Accomplishments that we're proud of

Our team was highly motivated and interested in implementing a recommendation engine. Recommendation systems have applications that span across all sectors of business whether it be media entertainment, tourism, or product. In addition to being an important function to many platforms, many complex questions such as the cold-start problem or biased datasets result in establishments spending copious amounts of time and labor to create a strong and reliable recommender. It was extremely exciting learning about, understanding, and ultimately implementing such a crucial application that is desired by so many companies. Our team truly believes we developed a project with transferable skills that transcend beyond this hackathon and will propel our career aspirations. We are so proud of our progress.

What we learned

Firstly, our team discovered the complexities of recommendation engines. The basis of any good machine learning solution, especially recommendation, is LOTS of refined data. Currently, classic datasets have established applications. For instance, large movie datasets are used by Netflix for movie recommendations. Novel recommendation solutions are difficult because of a lack of large datasets.

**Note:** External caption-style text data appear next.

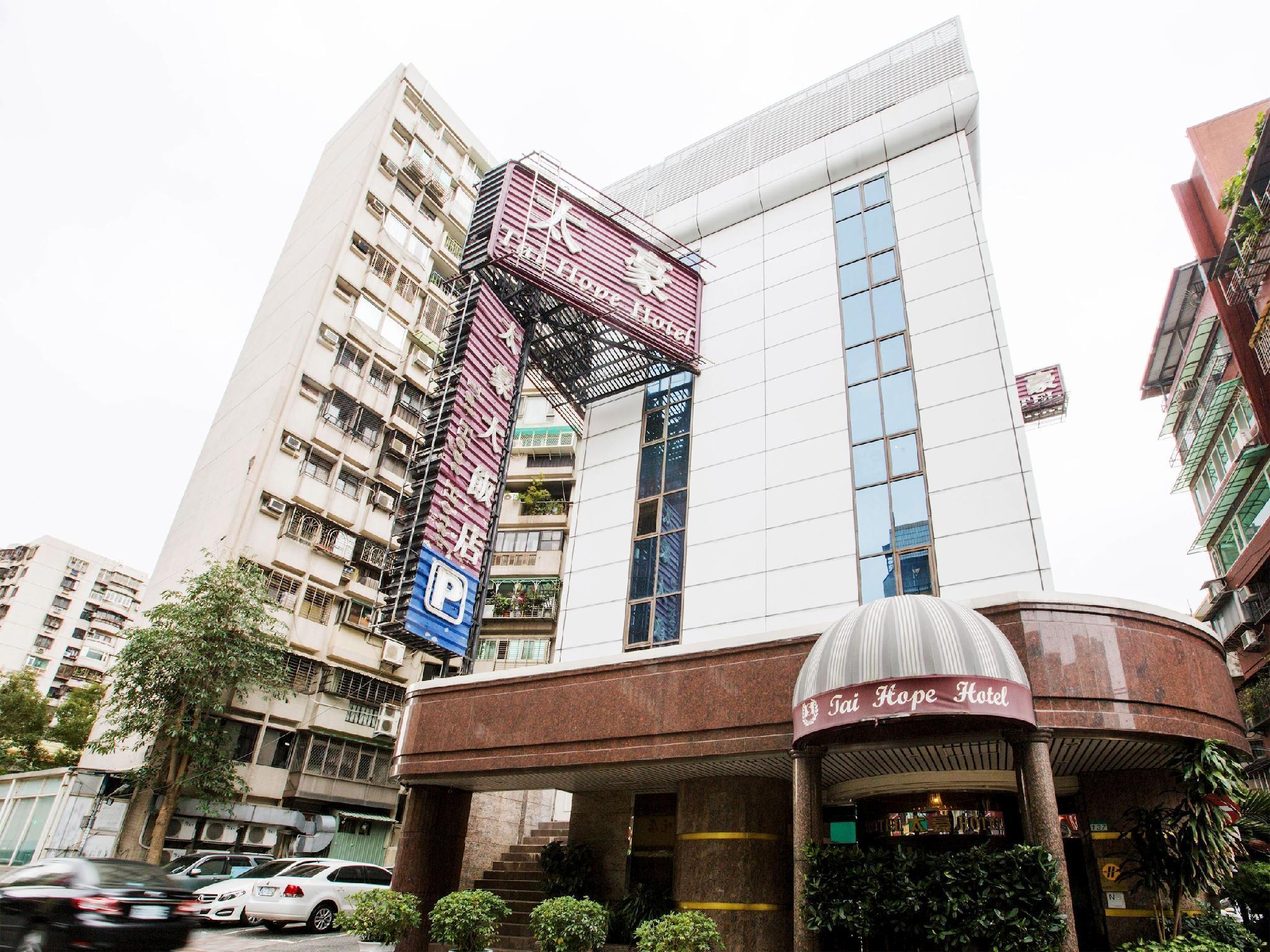 Vista Exterior Tai Hope Hotel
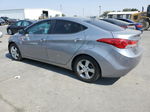 2013 Hyundai Elantra Gls Серебряный vin: KMHDH4AE2DU711737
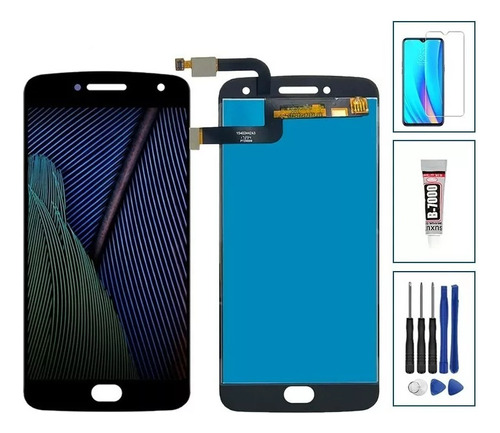 Pantalla Táctil Compatible Con Motorola Moto G5 Plus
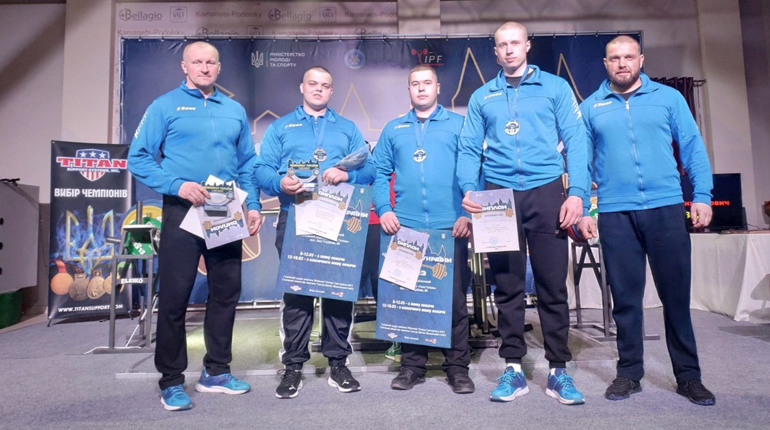 «Золото та чотири срібла»: як виступили глухівчани на Чемпіонаті України з жиму лежачи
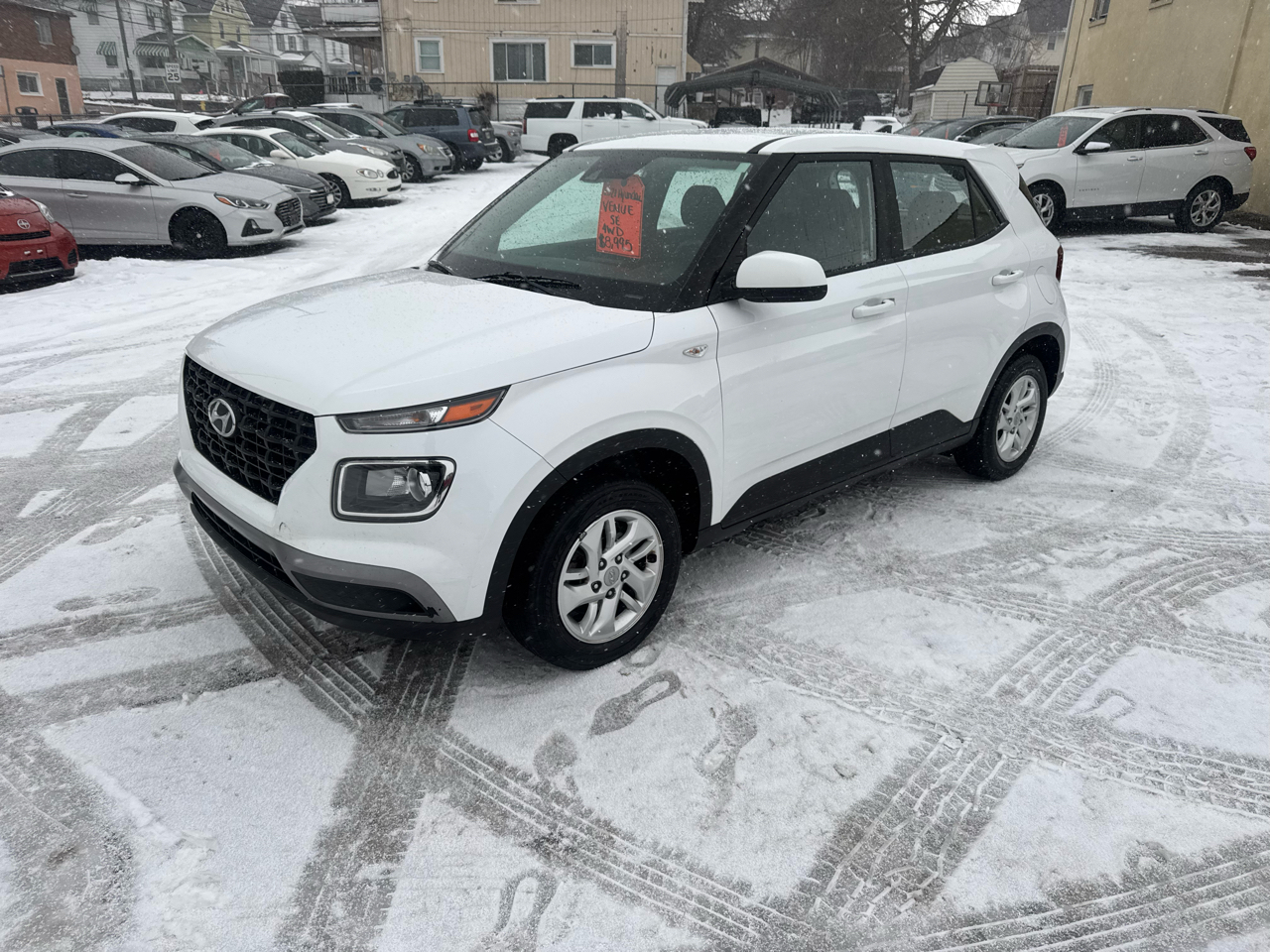 2021 Hyundai Venue SE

Our team was also exposed to feature engineering. We learned a lot about audio feature extraction dealing with audio capturing technology in the front-end. Additionally, the team's knowledge of React was strengthened because of our front-end development.

What's next for Echo-Vids

Our application currently searches by recorded audio clips. The next step would be to search by description. In May 2021, a paper detailing two datasets for natural language processing was released. Our team envisioned applying those datasets to TensorFlow Recommenders which is a library that allows for easier deep retrieval.